How does Kirchhoff's voltage law relate to the spatial derivative of voltage? I'm reading this libretexts article on the basics of transmission line theory.  In it, they include this circuit diagram as a model of a uniform transmission line:

They then say that applying Kirchhoff's laws results in
$$\frac{∂v(z,t)}{∂z}=−R\cdot i(z,t)−L\cdot\frac{∂i(z,t)}{∂t}.$$
I don't quite understand how they get that though. KVL (which I assume is what they're using to get the voltage equation; they also give a separate equation for current) just says that the sum of the voltages in a circuit loop is zero.  So, how would it tell us anything about the spatial derivative of $V$, as opposed to $V$ itself? It would make more sense if they just had the sum of the voltages in the first loop equal to zero and then took the derivative, w.r.t. z, of each term, but that doesn't seem to be what they're doing.  They only include terms from the resistor and inductor on the top of the leftmost loop, not including the voltage of the other resistor at all, and they don't even actually take the spatial derivatives of the two voltages they do include.
So what's going on here?  How does that DE for voltage correspond to that circuit diagram?
 A: They're skipping a step, with the expectation that you'll pick it up on your own or that the lecturer will.

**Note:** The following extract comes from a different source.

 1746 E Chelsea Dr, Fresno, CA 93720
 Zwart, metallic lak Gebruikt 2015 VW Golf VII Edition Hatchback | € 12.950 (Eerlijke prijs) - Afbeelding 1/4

They show you an approximate circuit for that stretch of cable $\Delta z$; the KVL for that stretch of cable is:
$\frac{v(z + \Delta z, t) - v(z, t)}{\Delta z} = − R \cdot i(z,t)− L\cdot \frac{d i(z,t)}{d t}$.  I can't remember the typical notation, but just take $R = \Delta z \rho$ and $L = \Delta z l$, where $\rho$ and $l$ are the resistance per unit length and inductance per unit length (and, as an exercise, look in your book and see what they really are!)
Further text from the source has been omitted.